Aim of the task: Take nothing but the lines from the one with "Miumiu 黑色菱格紋油蠟皮麻將包20×11×4 98新配件塵袋" through the one with "Elie Saab Luxury" in the entries below, both ends kept, and return them exactly with pictures left out.

Exercise data:
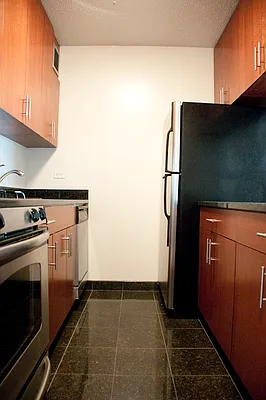 Rented by Weinberg Properties | media 18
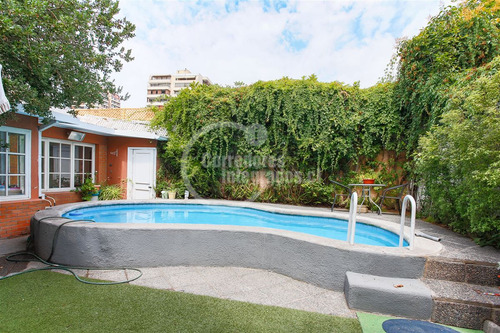 Casa En Venta De 5 Dorm. En Las Condes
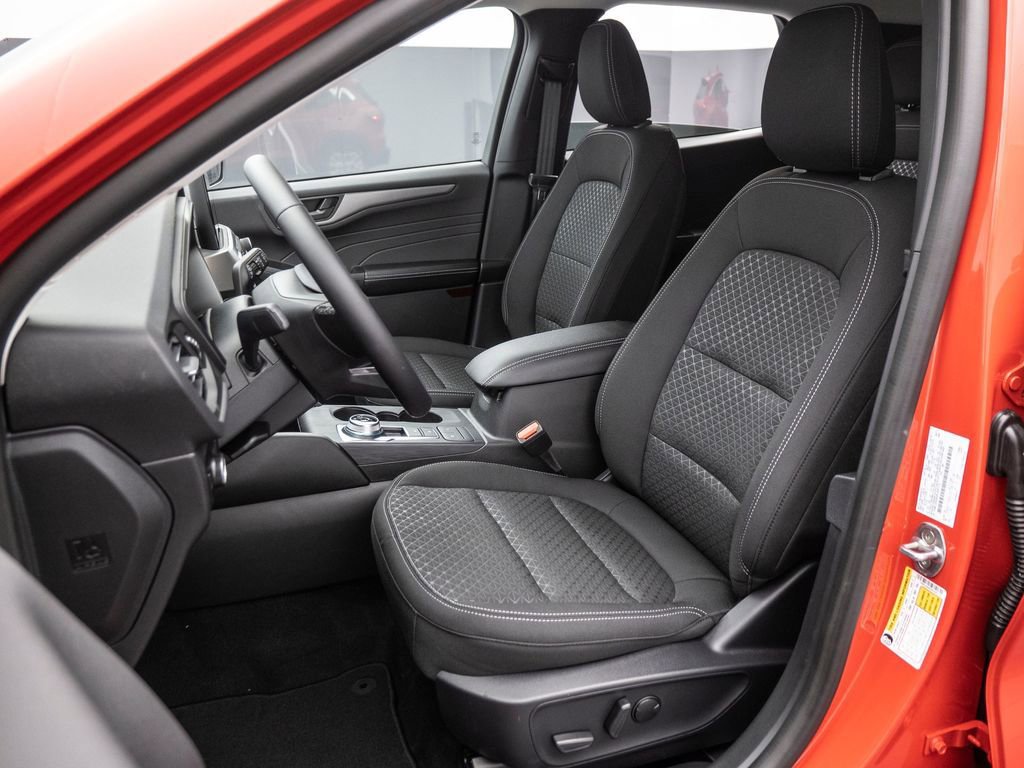 Used 2024 Ford Escape Active image 21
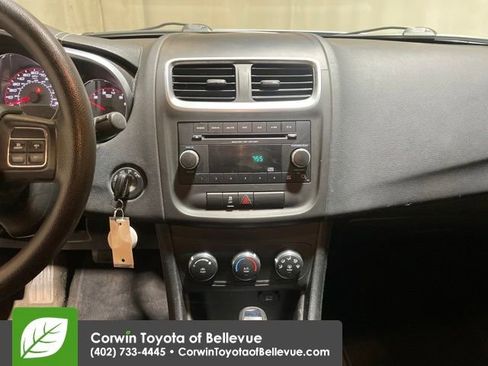 Used 2013 Dodge Avenger SE image 17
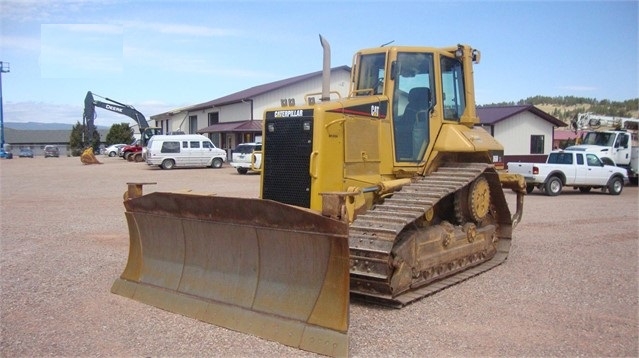 Tractores Sobre Orugas Caterpillar D6N en venta Ref.: 1542306349147287 No. 2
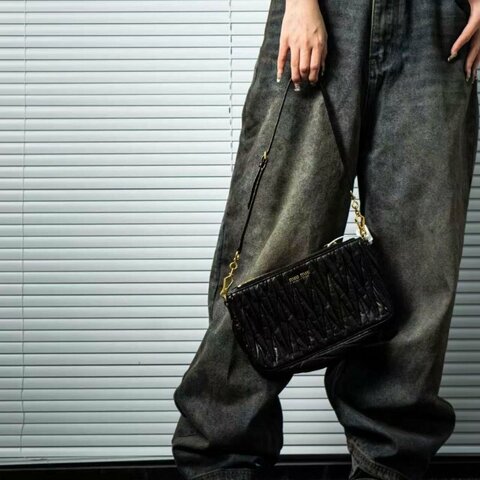 Miumiu 黑色菱格紋油蠟皮麻將包20×11×4 98新配件塵袋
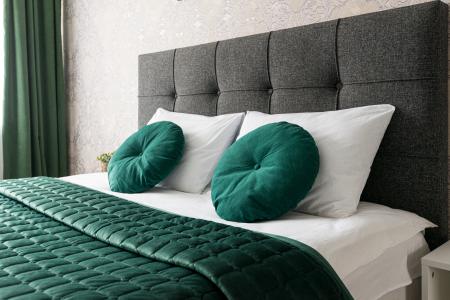 В зеленом микрорайоне Университет, гостиничный сервис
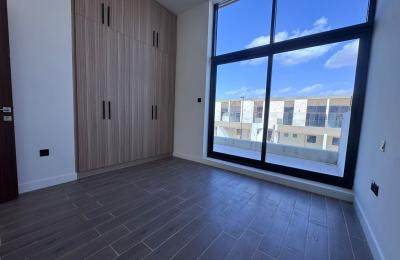 Elie Saab Luxury Villa | Corner Unit | Below OP Price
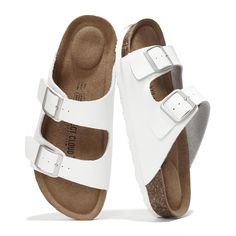 PRICES MAY VARY. 𝗣𝗿𝗲𝗺𝗶𝘂𝗺 𝗤𝘂𝗮𝗹𝗶𝘁𝘆 𝗠𝗮𝘁𝗲𝗿𝗶𝗮𝗹: Experience the perfect blend of style and comfort with Project Cloud's womens sandals. Made with 100% genuine leather, these sandals women offer a premium quality that guarantees durability and long-lasting use. 𝗖𝗼𝗺𝗳𝗼𝗿𝘁𝗮𝗯𝗹𝗲 𝗙𝗶𝘁: The adjustable two straps of these women's flat sandals provide a secure and custom fit, enhancing comfort for all-day wear. They feature adjustable two straps for a personalized fit and a 100 Shoes For Vacation, Vacation Essentials, Slides Design, Women Footwear, Slides For Women, Sandals White, Leather Sandals Flat, Foot Bed, Beach Essentials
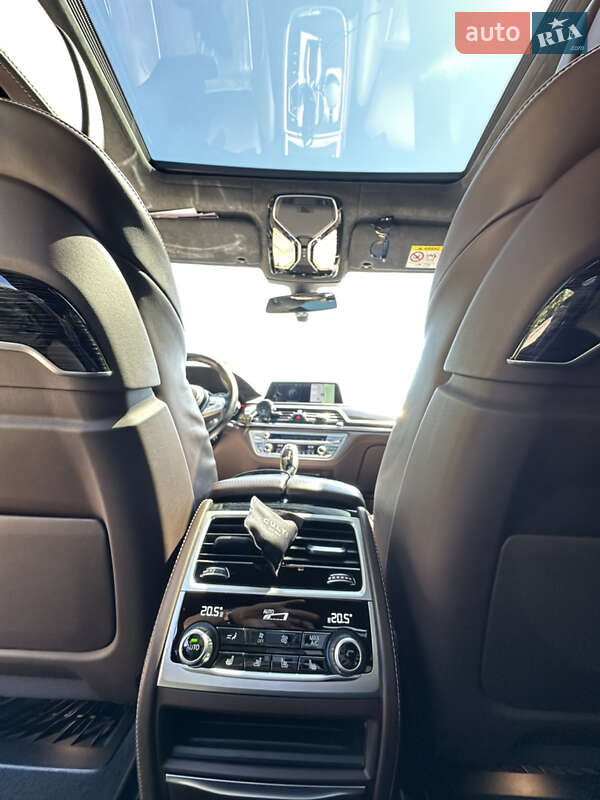 Седан BMW 7 Series 2017 в Києві
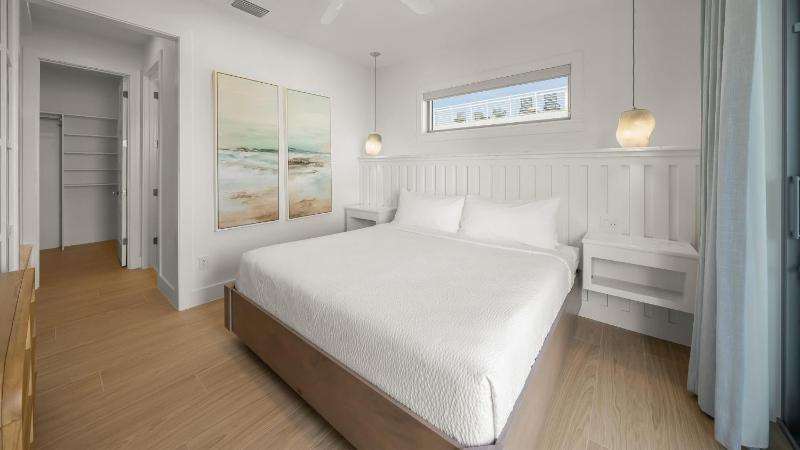 Vantage Point - image 34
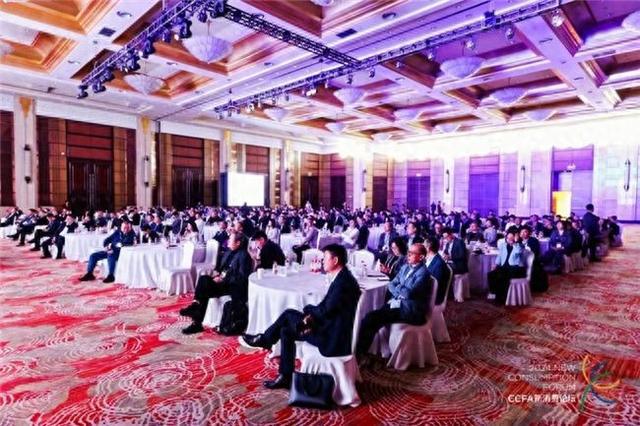 2024中国零售领袖峰会聚焦零售进化朗镜科技荣膺两项创新实践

Task result:
 Miumiu 黑色菱格紋油蠟皮麻將包20×11×4 98新配件塵袋
 В зеленом микрорайоне Университет, гостиничный сервис
 Elie Saab Luxury Villa | Corner Unit | Below OP Price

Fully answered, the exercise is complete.